- _Your assignment_:
Below are the records. Retype exactly the lines between the lines holding "Xiaomi Redmi Note" and "Route map: Miami", inclusive.

- _Stored data_:
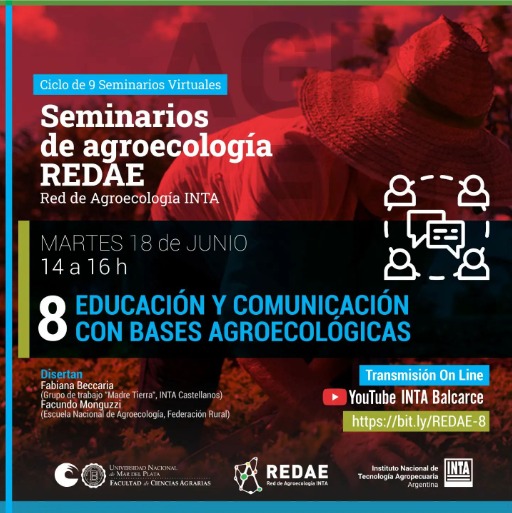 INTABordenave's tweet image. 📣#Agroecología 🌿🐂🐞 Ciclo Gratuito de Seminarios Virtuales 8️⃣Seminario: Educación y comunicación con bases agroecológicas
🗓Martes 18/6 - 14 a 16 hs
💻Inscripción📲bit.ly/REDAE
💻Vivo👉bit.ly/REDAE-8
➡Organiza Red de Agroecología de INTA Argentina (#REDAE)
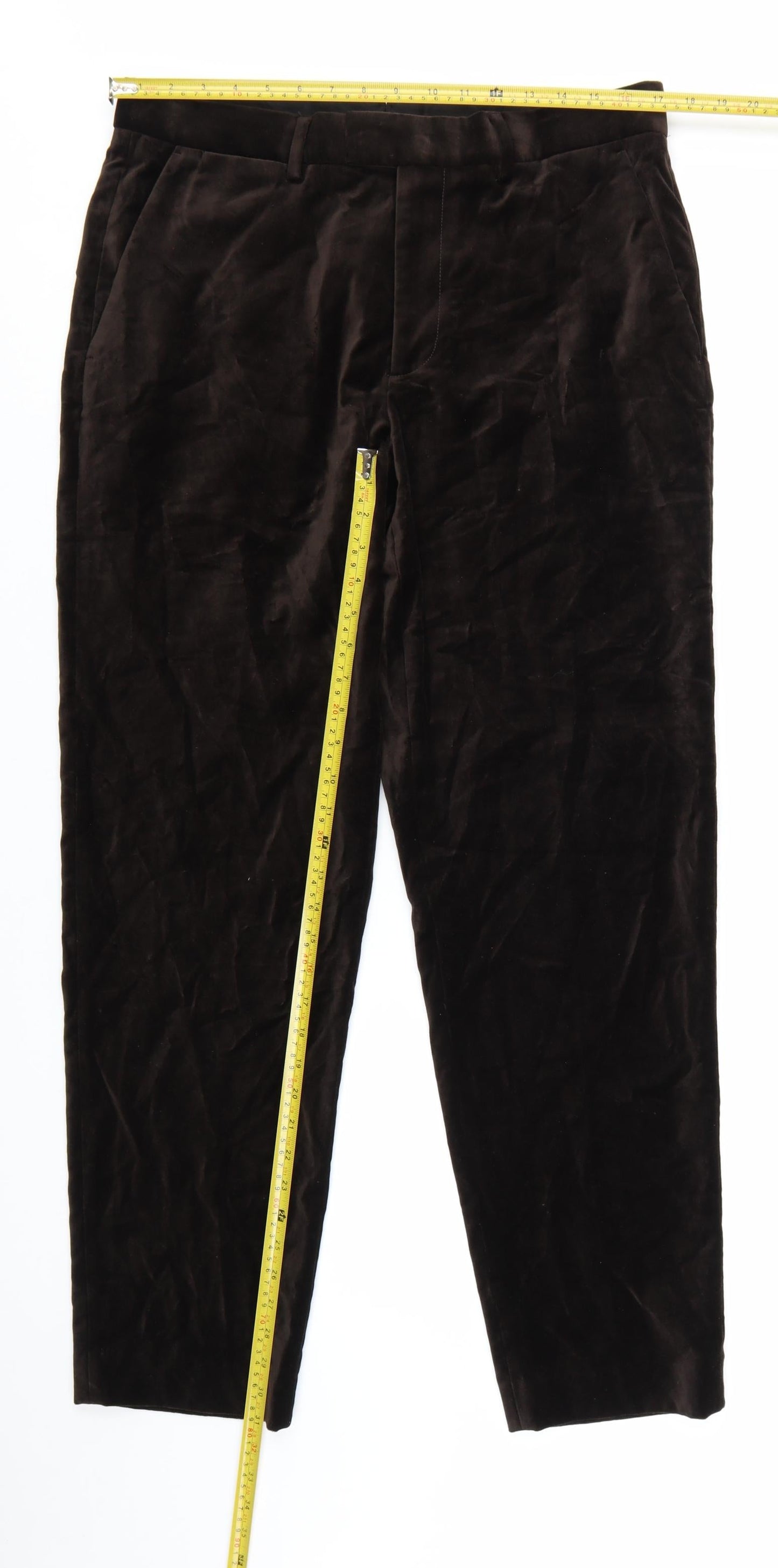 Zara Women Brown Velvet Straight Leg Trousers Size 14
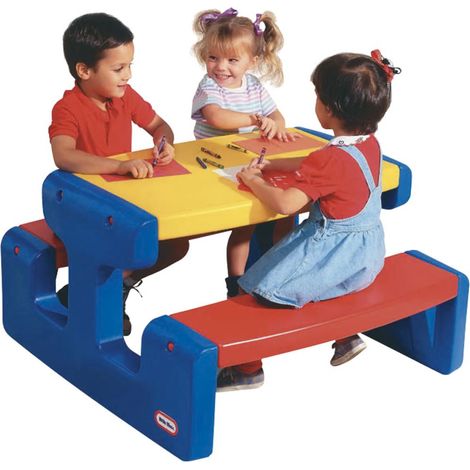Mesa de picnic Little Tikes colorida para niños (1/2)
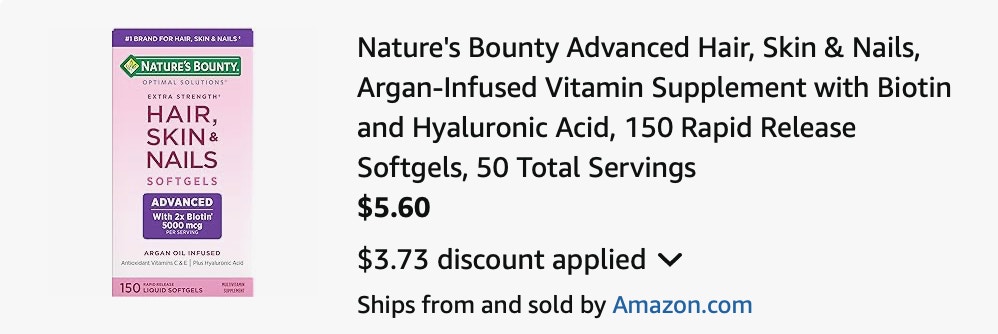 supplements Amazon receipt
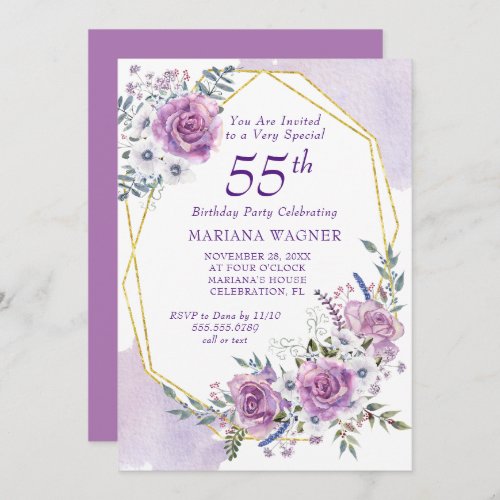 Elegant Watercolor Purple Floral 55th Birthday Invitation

---

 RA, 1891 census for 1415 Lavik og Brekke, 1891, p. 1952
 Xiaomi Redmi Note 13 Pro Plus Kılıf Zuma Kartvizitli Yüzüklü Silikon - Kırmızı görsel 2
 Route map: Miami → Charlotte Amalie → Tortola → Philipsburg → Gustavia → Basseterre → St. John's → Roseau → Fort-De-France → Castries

- _Written solution_:
 Xiaomi Redmi Note 13 Pro Plus Kılıf Zuma Kartvizitli Yüzüklü Silikon - Kırmızı görsel 2
 Route map: Miami → Charlotte Amalie → Tortola → Philipsburg → Gustavia → Basseterre → St. John's → Roseau → Fort-De-France → Castries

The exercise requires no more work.